In mid-September the Pribilofs are still mostly green, and often a good diversity of shorebirds can be found on their southbound passage. We’ll sift through the throngs of Rock Sandpipers and Ruddy Turnstones for rarer shorebirds; Gray-tailed Tattler, Sharp-tailed Sandpiper, Red-necked Stint, and Common Snipe are all regular migrants in early September, and species such as Lesser Sand-Plover, Wood Sandpiper, Little Stint, and Ruff are possible.

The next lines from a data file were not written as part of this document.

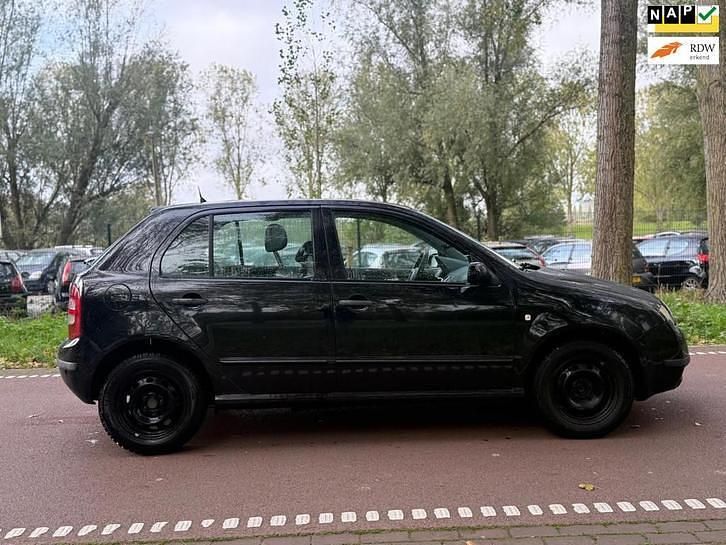 Gebruikt 2002 Skoda Fabia Comfort | € 899 - Afbeelding 1/1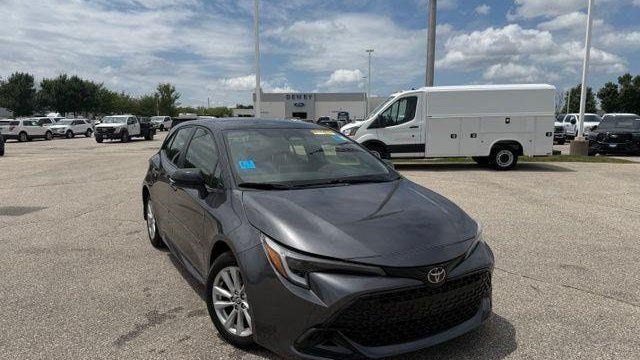 2023 Toyota Corolla Hatchback SE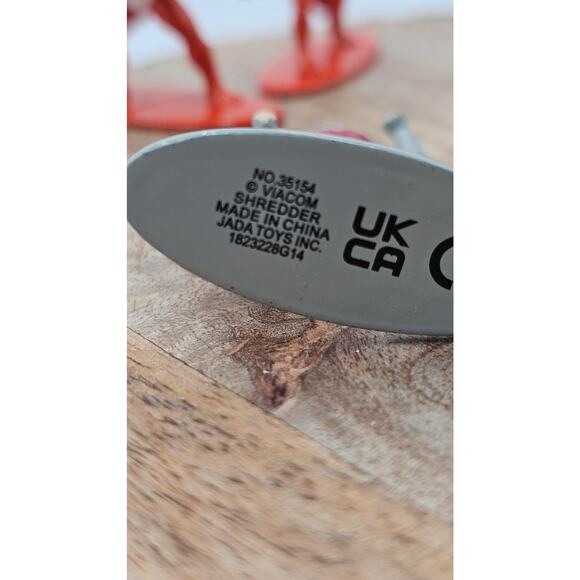 8 TMNT 1.65" 18-Pack Wave 2 Die-Cast Figures Nano Metal - Picture 9 of 9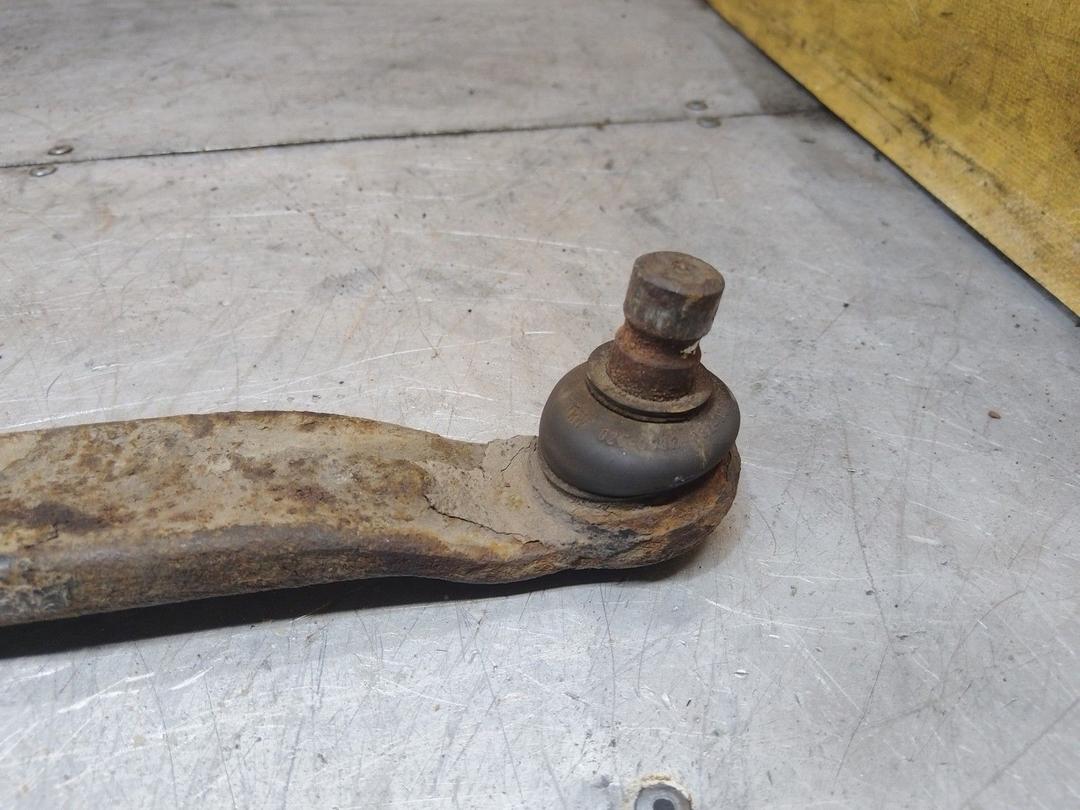 Рычаг передний правый P5C6VC Citroen Xsara Picasso - Фото 3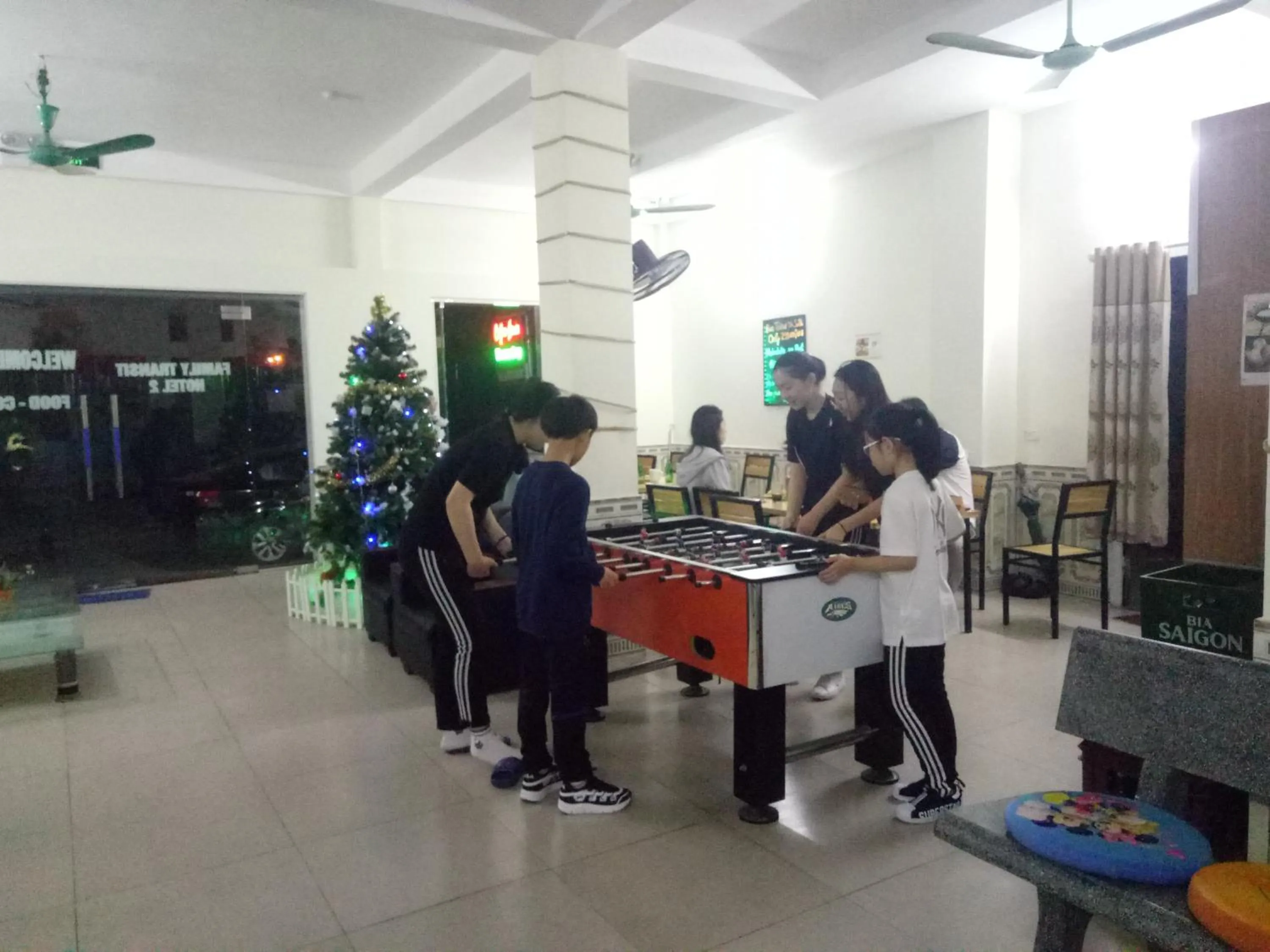 People in Coffe House Homestay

Waterbird mega-rarities at this season have included Black-tailed Gull, Marsh Sandpiper, Jack Snipe, and North America’s first Solitary Snipe.
Asian landbird vagrants are unpredictable, but early to mid-September has produced Sky Lark, Willow, Dusky and Yellow-browed Warblers, Gray-streaked and Taiga Flycatchers, Red-flanked Bluetail, Olive-backed and Pechora Pipit, Siberian Accentor, and Brambling. Nights in St. Paul.
Day 15: We’ll take an early afternoon flight back to Anchorage where the Pribilofs extension concludes.
Updated: 19 December 2016
- 2017 Gambell Tour Price : $4,750
- Gambell Tour Single Supplement : $480
- 2017 Pribilofs Tour Price : $4,100
- Pribilofs Single Occupancy Supp : $440
* Tour invoices paid by check carry a 4% discount. Details here.
** The Nome to Anchorage flight between the Gambell tour and the Pribilofs extension is not included in the tour cost and is most economically purchased as part of your flights to Alaska.
This tour is limited to 10 participants with one leader; 18 participants with two or more leaders.